At the OEAN, in this project, the proposed transfer of closed files or data packages could be carried out according to the two scenarios that the appraisal software tool would need to deal with:
Scenario 1: Enclosed files or data packages are provided in the appraisal software tool, with a structure, retention schedule, organic links, context and description sufficiently developed. The intended final life cycle period and records disposition are clearly identified according to a previous prospective appraisal, conducted jointly by the archival entity and the organizational entity (archives producer).
Scenario 2: The data and digital objects are received without any prior documentary or archival processing and are received as unstructured data. The expected tool accommodates the data to be proposed and briefly analyzes and produces a general picture to identify closed files or data sets.
The appraisal software tool would need to accommodate a prospective evaluation by an archivist, but would also need to apply a set of general and specific criteria as well as quantitative and qualitative, intrinsic and extrinsic metrics automatically, semi-automatically and/or manually.
The main potential users of this proposed appraisal tool would be archivists who are required to conduct a rigorous appraisal process in a documented way to reach a defensible decision.
The proof of concept project to develop the proposed functionality and metrics that would drive the appraisal software tool is explored through the remainder of this paper. The literature review that follows identifies a range of sources that informed the development of metrics for both archival value and data mining in an appraisal context. The methodology section explores how different methods were used to develop metrics to calculate an “archival value” rating as well as data mining insights. The findings section demonstrates the outcomes and learning that were achieved through this work.
Before discussing the work done in the study, the following fundamentals of archives appraisal influenced the work.
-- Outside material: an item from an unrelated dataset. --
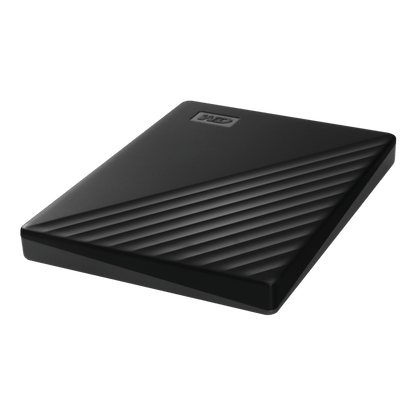 WD My Passport 2TB Portable Hard Drive (Black) — overhead view showing the slim profile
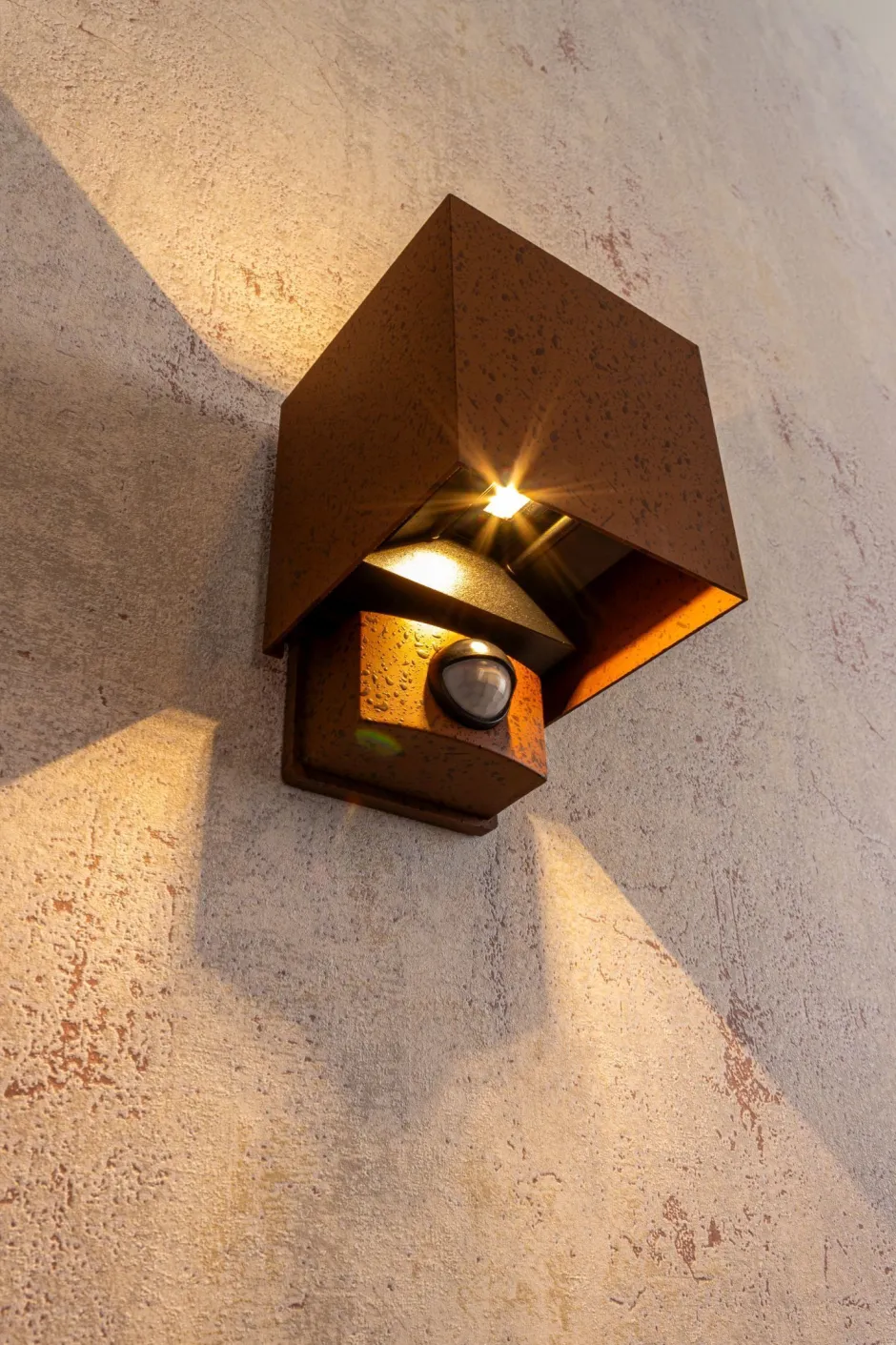 Metall Lampen|Led Außenleuchten*Eco-Light LED Wandlampe Bewegungssensor Rostbraun Up Down IP54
Appraisal is a major archival function that manages the life cycle of records. The objectives of appraisal are to determine which documents to create and capture, how long different corporate records need to be kept and to identify their final disposition. An appraisal clarifies and documents responsibilities and roles over a record’s lifespan. It is operated by a documented process and tools that are at once collaborative and should help the decision-making process. This process considers different internal and external contextual dimensions (International Organization for Standardization, 2018; Makhlouf Shabou, 2019). An appraisal is a very challenging process, and in the digital era, automation opportunities can be incorporated into appraisal processes to support human decisions and actions.
Recent European projects, Australian and North American initiatives have focused on the automation of appraisal functionalities, and these projects have influenced the design and functionality of the proposed OEAN archival appraisal tool.
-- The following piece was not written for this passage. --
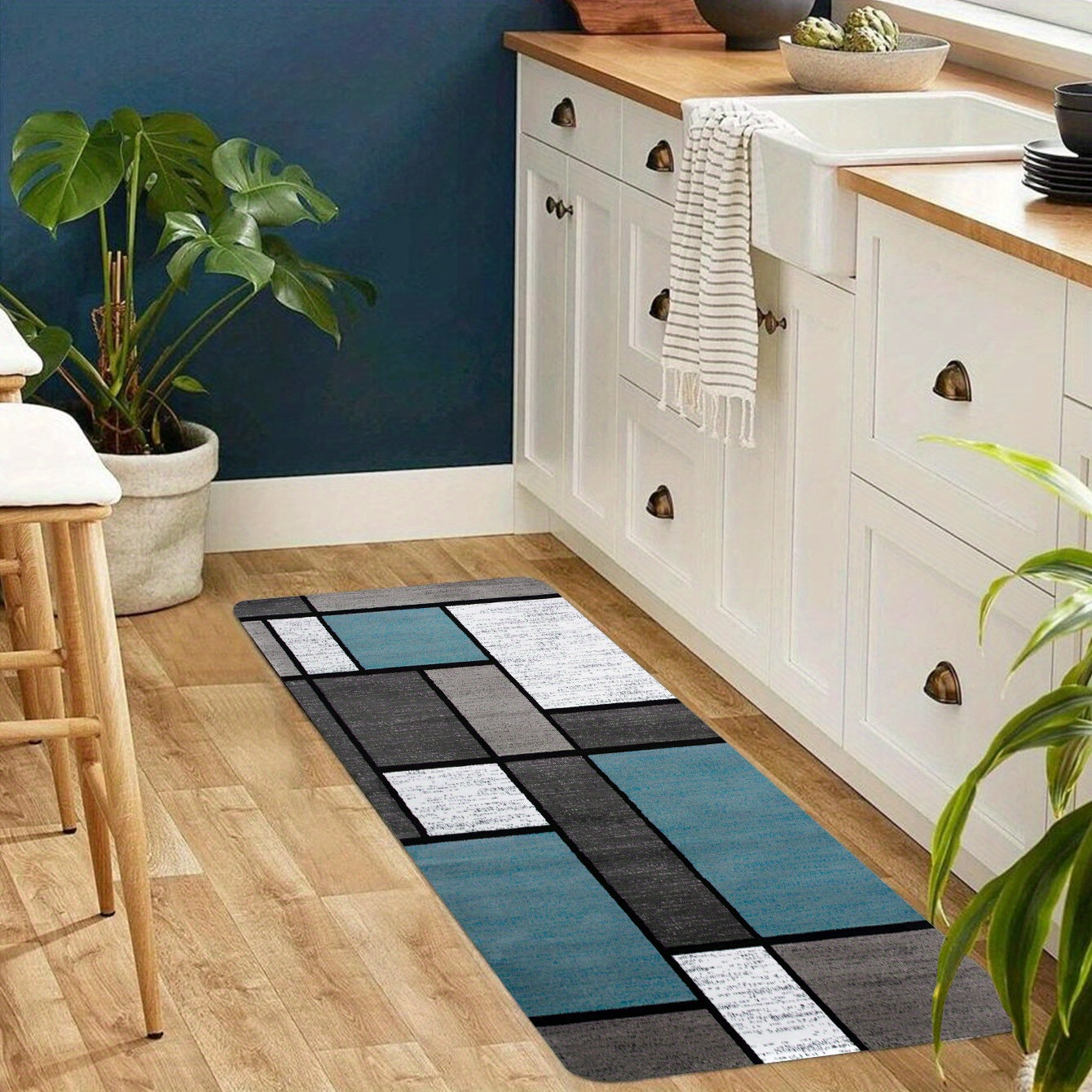 1pc Soft Thickened Kitchen Floor Mat, Non-slip Oil-proof Floor Mat, Waterproof Runner Rug, Dirt-resistant Floor Carpet, Machine Washable, Entrance Doormat, Kitchen Living Room Laundry Bathroom Water-absorbing Floor Mat, Room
In Germany, at the Ludwigsburg State Archives, a “More Products Less Process” (MPLP) approach was adopted between 2016 and 2018 for the appraisal of a large digital collection (Belovari, 2018, 2019). The project tested ten deduplication software packages (80% failed). It selected a user-friendly and inexpensive software package. The project then used this software to assess 670 GB of data in four days. Based on this, an adapted workflow was developed to support appraisal. This initiative confirmed the potential benefits that may be expected using software to support appraisal processes. As Belovari (2018) states:
In our project collection, 15% of Word documents but only 5.6% of graphic and video files were duplicates. This kind of information may feed into records management and donor conversations and may improve how files are kept and what is transferred.
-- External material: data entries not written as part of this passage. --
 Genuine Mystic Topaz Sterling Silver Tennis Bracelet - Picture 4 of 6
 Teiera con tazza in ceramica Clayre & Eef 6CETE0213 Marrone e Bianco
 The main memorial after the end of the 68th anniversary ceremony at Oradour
In the UK, the MPLP approach is being considered at the University of Westminster. As part of the Research Data Shared Service Digital Preservation Pilot Program, Penn (2019) identifies how the university is exploring the archival and records management aspects of digital preservation. The program has hosted a workshop for UK practitioners on the topic of appraisal “where we explored how well traditional appraisal theory and practice can be applied to digital records and how we document these processes” (Penn, 2019). A conclusion of the research to date is that the MLMP method remains useful for appraising digital records.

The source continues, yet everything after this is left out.